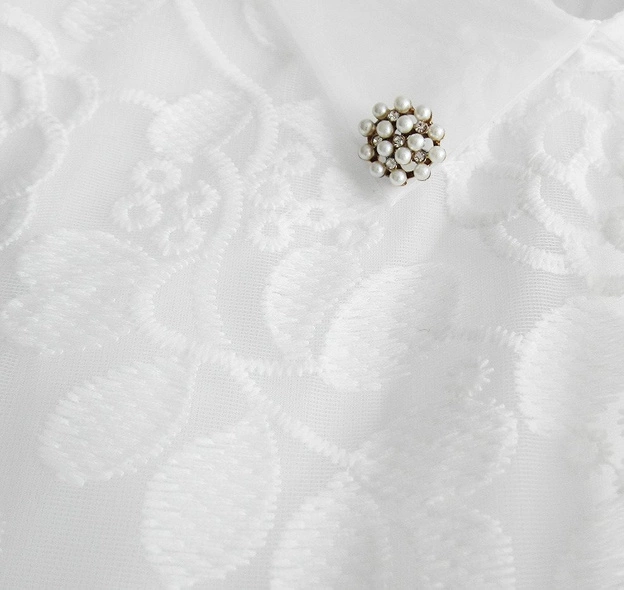 Elegancka bluzka z kołnierzykiem ecru (8521/1)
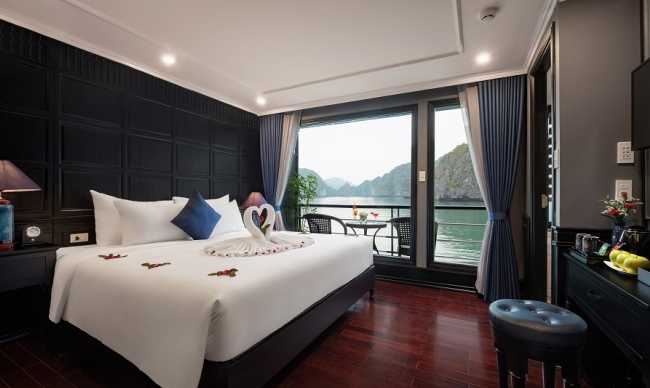 Junior Suite With Private Ocean View Balcony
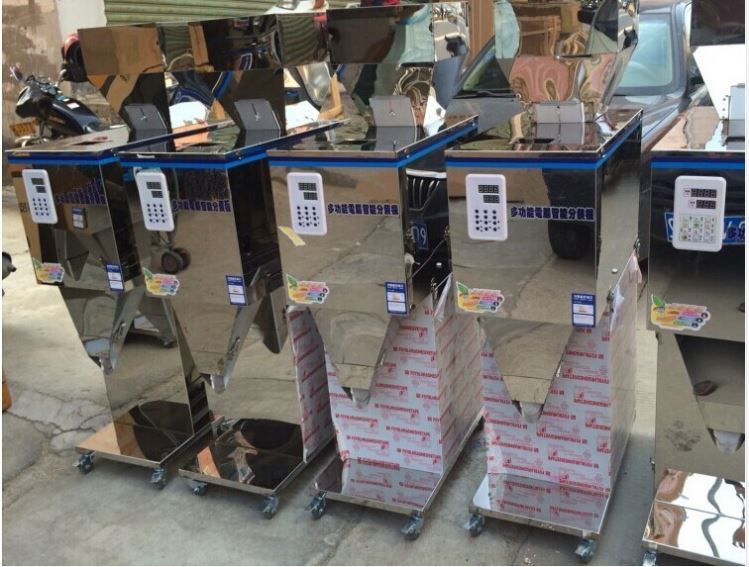 Prix pas cher 100-2500g machine de remplissage de poids de sucre en acier inoxydable,machine de remplissage de granules de poudre sèche précise pour sac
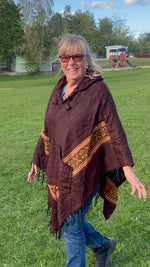 Ladda upp bild till gallerivisning, Randig Poncho med Luva
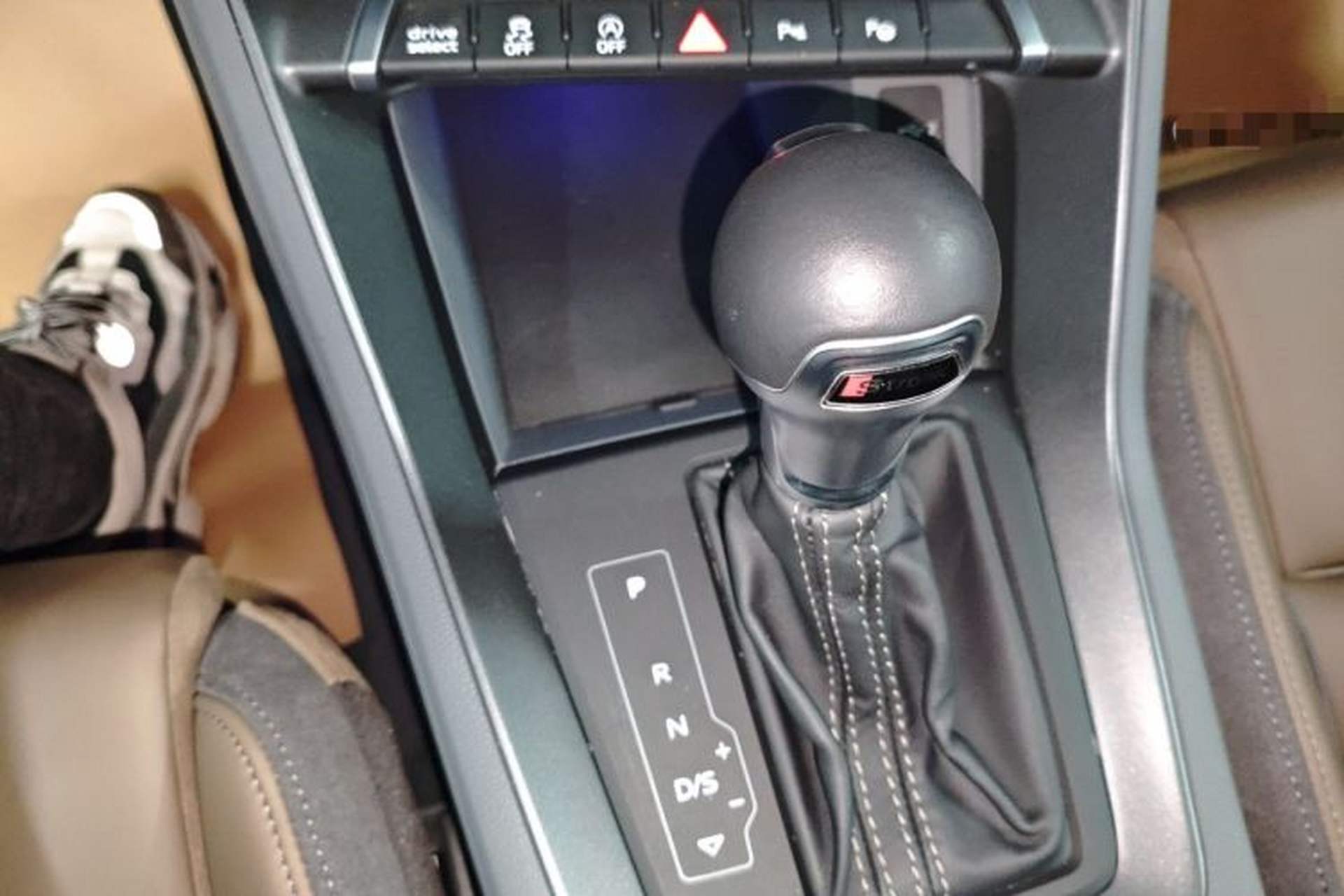 Used Audi Q3 2023 Updated 40 TFSI Fashionable and Dynamic Version Gear Lever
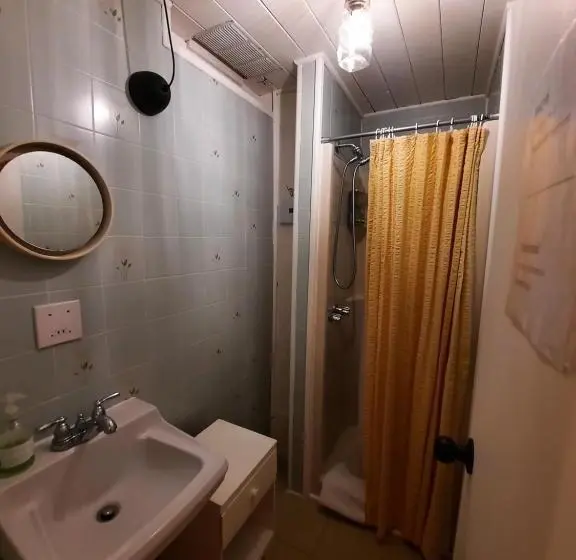 Standaardkamer met Gedeelde Badkamer, Auberge Schweizer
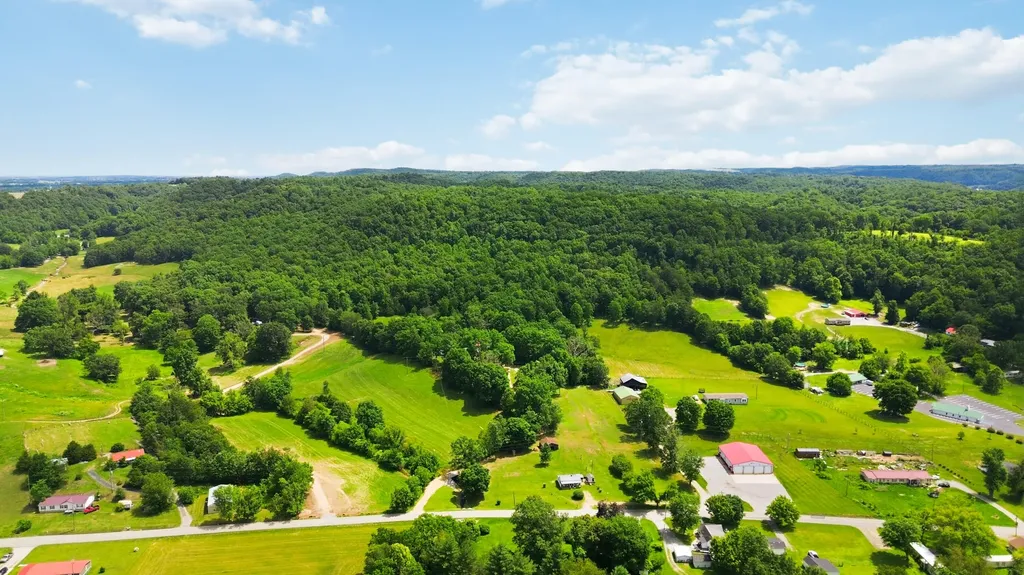 190 Geneva-mckinney Road Stanford KY 40484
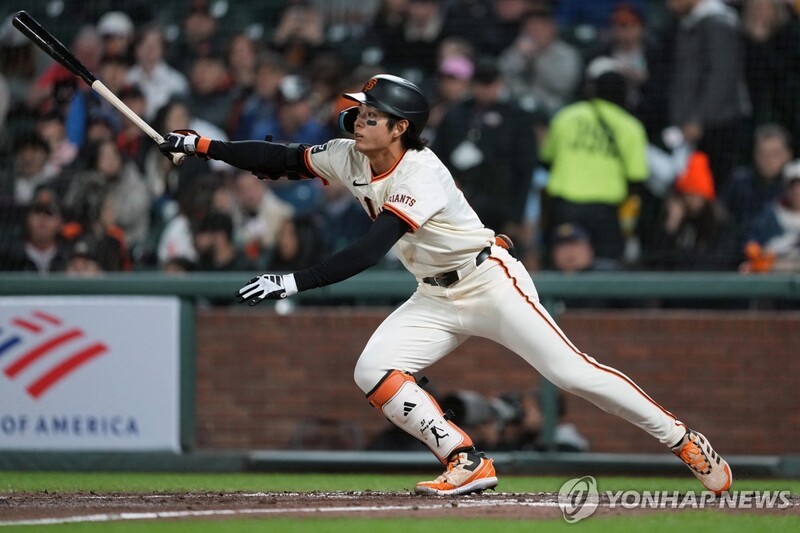 이정후, 멀티히트 기록 소폭 상승하며 활약 지속 중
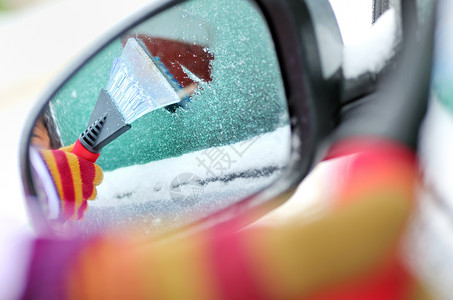 汽车镜子清洁车窗镜子季节运输汽车衣服窗户烦恼车辆不便天气背景
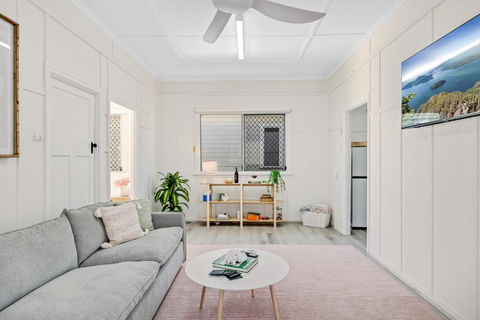 Sage Cottage! CBD Perfection! - Hobart Tourism 0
------------------------------------------------------------
_WHAT YOU HAVE TO DO_
Set down nothing but the lines from the one containing "Standaardkamer met Gedeelde" to the final line above, both included, with every picture left out.

_ANSWER TO THIS PROBLEM_
 Standaardkamer met Gedeelde Badkamer, Auberge Schweizer
 190 Geneva-mckinney Road Stanford KY 40484
 이정후, 멀티히트 기록 소폭 상승하며 활약 지속 중
 汽车镜子清洁车窗镜子季节运输汽车衣服窗户烦恼车辆不便天气背景
 Sage Cottage! CBD Perfection! - Hobart Tourism 0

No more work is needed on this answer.